▸ **ACTIVITY**
Please output the section of the listing below that opens with the line containing "A man struggles" and closes with the line containing "Home and laundry", exactly and with nothing else.

▸ **ENTRIES SUPPLIED**
---*---

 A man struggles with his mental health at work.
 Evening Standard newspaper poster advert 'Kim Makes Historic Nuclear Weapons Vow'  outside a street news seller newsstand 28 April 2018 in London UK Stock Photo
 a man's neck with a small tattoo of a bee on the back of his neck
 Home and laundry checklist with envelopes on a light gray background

---*---

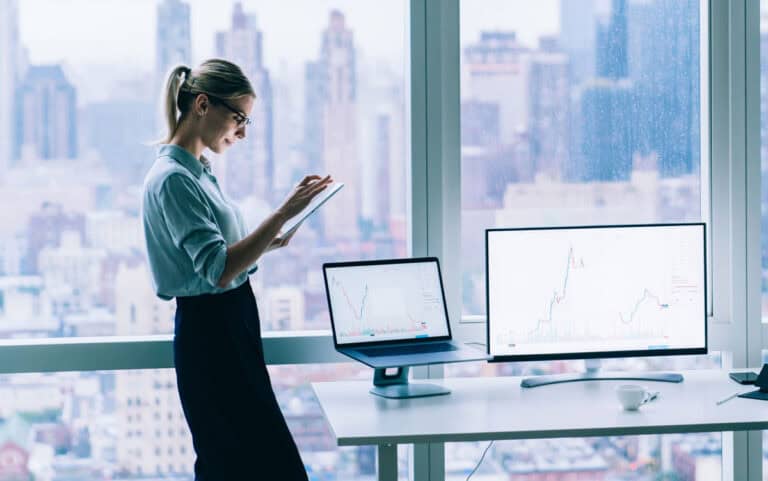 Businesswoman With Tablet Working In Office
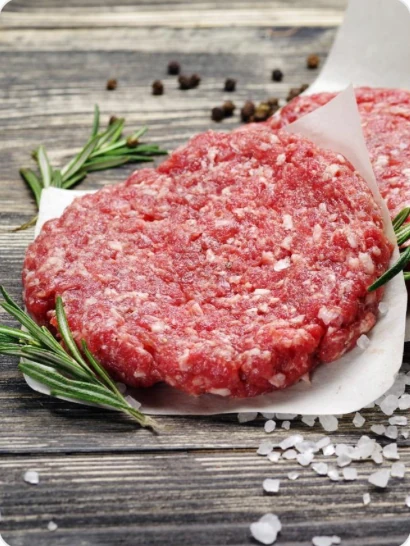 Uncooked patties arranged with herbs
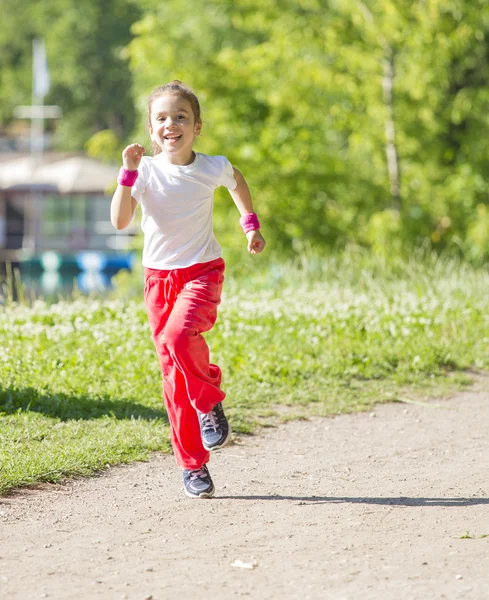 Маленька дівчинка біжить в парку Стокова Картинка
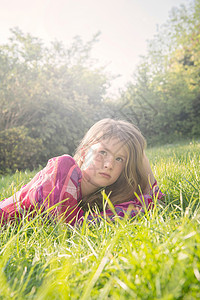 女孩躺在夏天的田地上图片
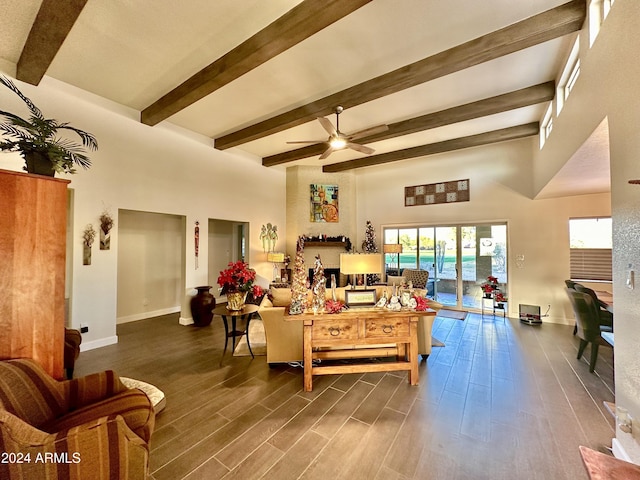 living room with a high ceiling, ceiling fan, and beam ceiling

---*---

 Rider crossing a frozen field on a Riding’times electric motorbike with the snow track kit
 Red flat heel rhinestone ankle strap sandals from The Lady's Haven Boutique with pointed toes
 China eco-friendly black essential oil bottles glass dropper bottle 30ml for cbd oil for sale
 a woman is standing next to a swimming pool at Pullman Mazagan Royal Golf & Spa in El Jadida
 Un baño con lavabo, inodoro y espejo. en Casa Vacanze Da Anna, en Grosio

---*---

▸ **ANSWER TO THIS PROBLEM**
 A man struggles with his mental health at work.
 Evening Standard newspaper poster advert 'Kim Makes Historic Nuclear Weapons Vow'  outside a street news seller newsstand 28 April 2018 in London UK Stock Photo
 a man's neck with a small tattoo of a bee on the back of his neck
 Home and laundry checklist with envelopes on a light gray background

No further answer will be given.